We take our LF camera, say a 5x4 with 180mm lens, and our less-discerning friend Jim takes his 35mm camera with 50mm lens. We both point our cameras at a distant scene, and both cameras take substantially the same angle-of-view (46 degrees diagonal). Now we both shoot something a bit closer, say, 5 metres distance, and the same thing applies. Our lens extensions are in proportion to their focal lengths, and we each get a slightly smaller coverage angle of our subject than before, but we both get more-or-less the same image.

Now we decide to do some macro work at 1:1. Both our lenses have been extended by one full focal length, and again everything is in proportion. But now, the first day issue commemorative postage stamp that we're shooting nearly fills Jim's frame from corner to corner, while we're left with, well, a postage stamp size image in the middle of the frame.
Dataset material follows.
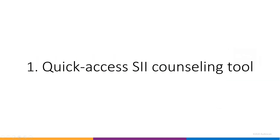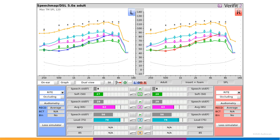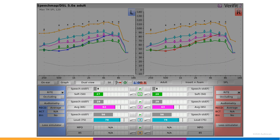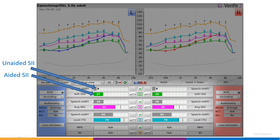The Quick Access SII Counseling Tool. SII, or Speech Intelligibility Index, scores are always displayed along with any SpeechMap speech test. These figures are shown here in the Audubars and are displayed for both the aided test and the predicted unaided condition. SII is calculated based on the ANSI S3.5 1997 standard.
I know that by definition 1:1 is life size, and it'll take a 5x4 size subject to fill my LF ground glass screen, but both myself and Jim have done everything in proportion, and he's ended up with one angle of view, and I've ended up with a much wider one. Why? I've puzzled over this and can't see where the discrepency creeps in. I think it's a geometrists conspiracy against us Large Format users.

-- Pete Andrews (p.l.andrews@bham.ac.uk), June 08, 2000

Answers

Sorry, I should have said field-of-view in that last paragraph, not angle-of-view.

-- Pete Andrews (p.l.andrews@bham.ac.uk), June 08, 2000.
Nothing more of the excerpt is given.